**Problem**
Give the entries again exactly; drop the pictures.

**Stored dataset items**

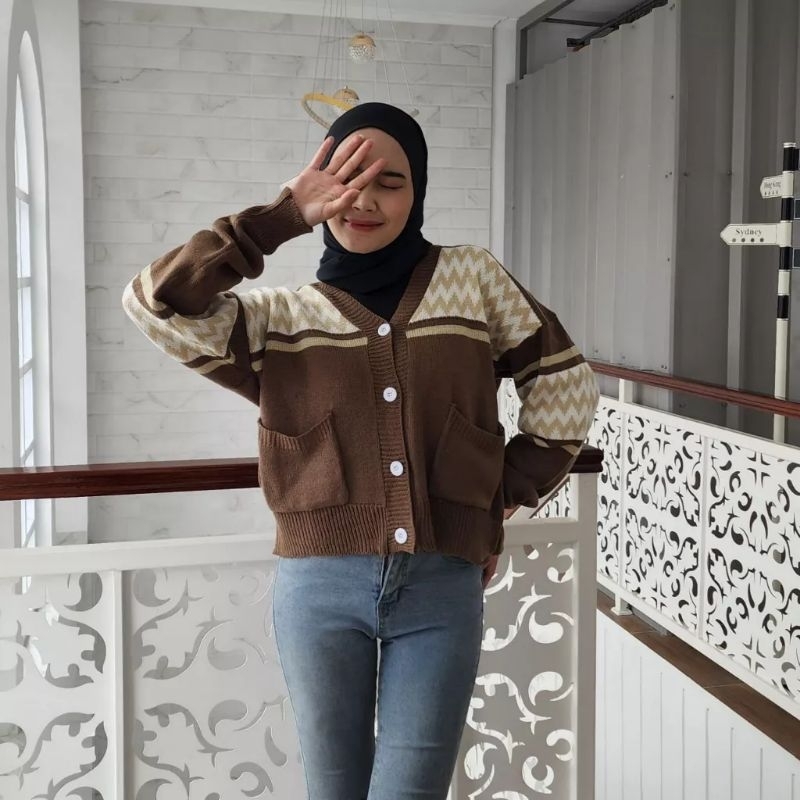 OUTWEAR CINDY ZIGZAG OUTER | RAJUT CARDIGAN WANITA TRENDY MURAH | OUTER KNITWEAR CARDIGAN KOREAN STYLE | OUTHER CARDIGAN RAJUT POCKET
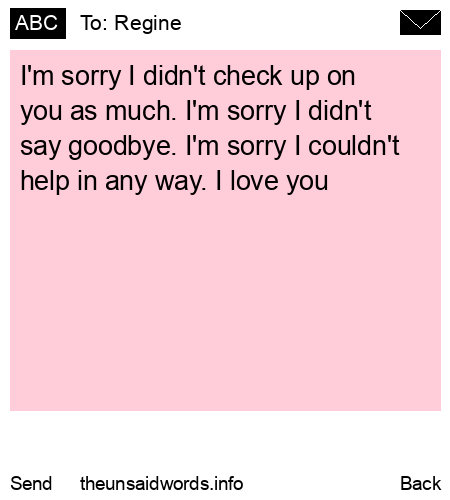 unsent message to Regine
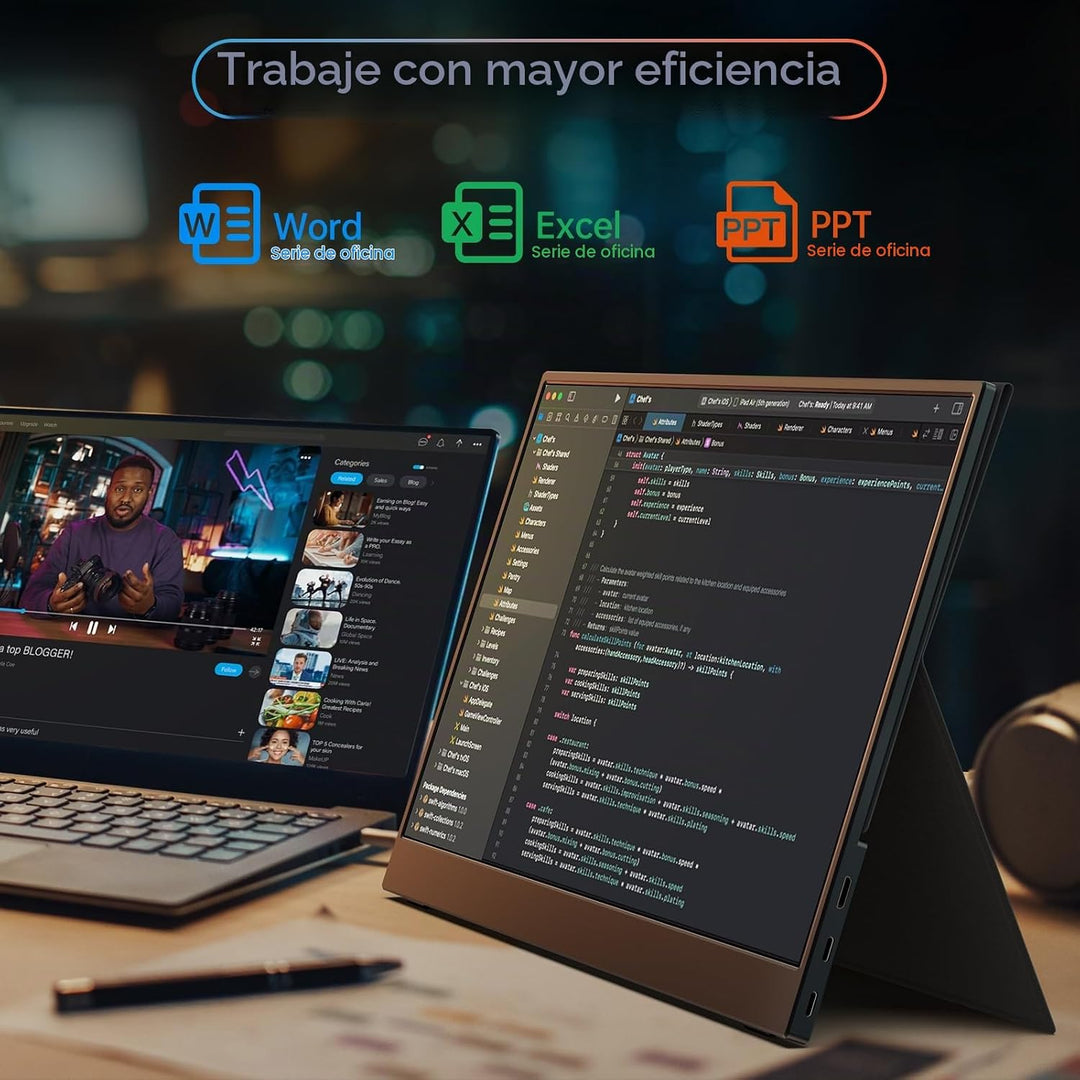 ForHelp True 4K Monitor portátil \u2013 15.6 pulgadas UHD 3840 × 21...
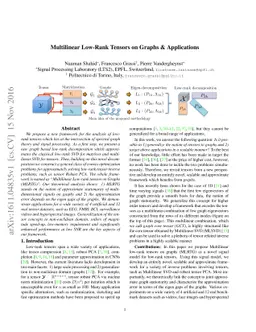 Multilinear Low-Rank Tensors on Graphs & Applications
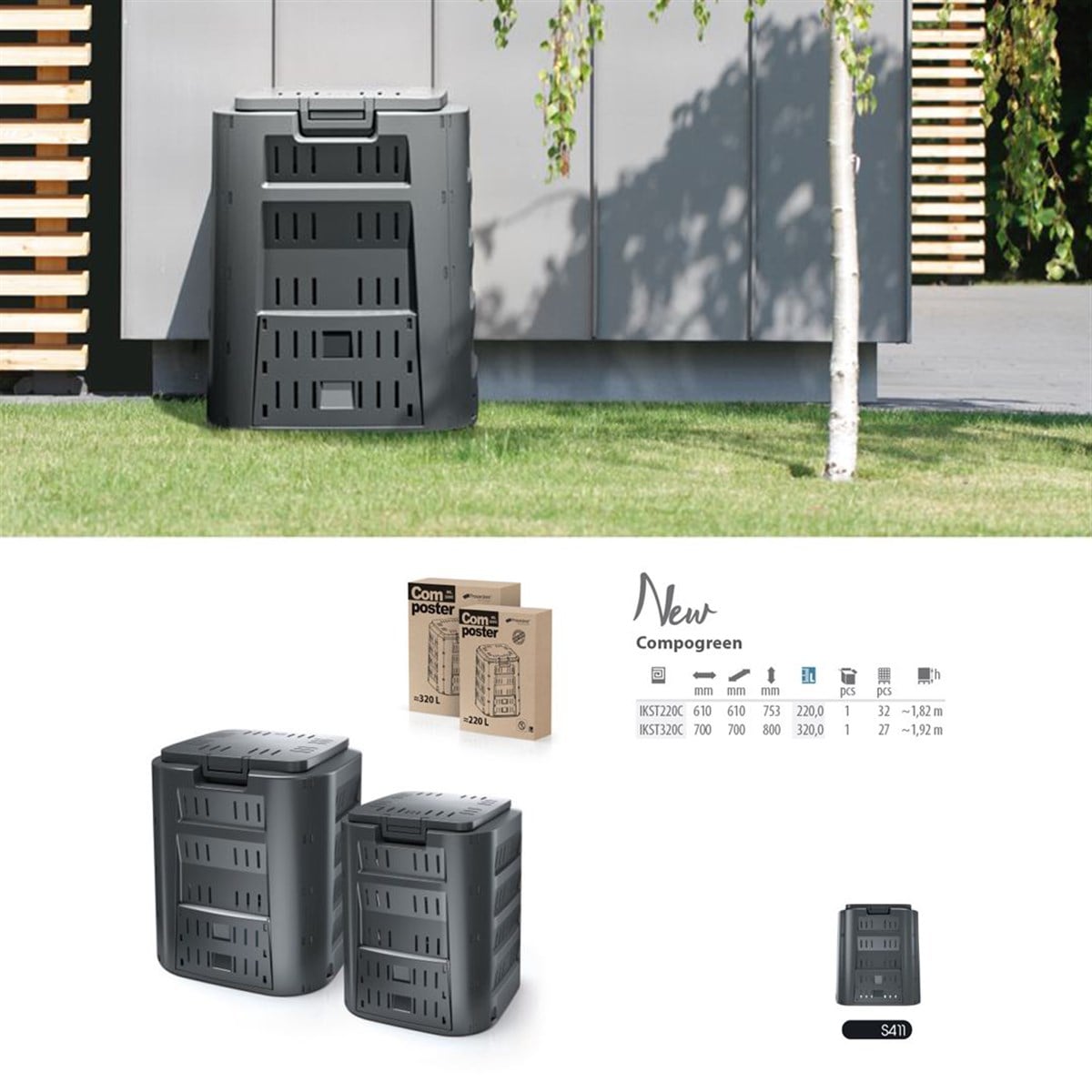 Prosperplast Evogreen 220L Kompost Atık Kovası, Organik Gübre Kutusu, Siyah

**Task result**
 OUTWEAR CINDY ZIGZAG OUTER | RAJUT CARDIGAN WANITA TRENDY MURAH | OUTER KNITWEAR CARDIGAN KOREAN STYLE | OUTHER CARDIGAN RAJUT POCKET
 unsent message to Regine
 ForHelp True 4K Monitor portátil \u2013 15.6 pulgadas UHD 3840 × 21...
 Multilinear Low-Rank Tensors on Graphs & Applications
 Prosperplast Evogreen 220L Kompost Atık Kovası, Organik Gübre Kutusu, Siyah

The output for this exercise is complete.